• **Task objective**
Everything from the line holding "Men's USB Charging" through the last line below is needed; please reproduce those lines exactly, adding nothing.

• **Dataset content**

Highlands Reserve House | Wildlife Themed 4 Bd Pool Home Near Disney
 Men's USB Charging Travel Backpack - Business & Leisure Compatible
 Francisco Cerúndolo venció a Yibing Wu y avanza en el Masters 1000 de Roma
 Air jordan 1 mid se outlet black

• **Exercise response**
 Men's USB Charging Travel Backpack - Business & Leisure Compatible
 Francisco Cerúndolo venció a Yibing Wu y avanza en el Masters 1000 de Roma
 Air jordan 1 mid se outlet black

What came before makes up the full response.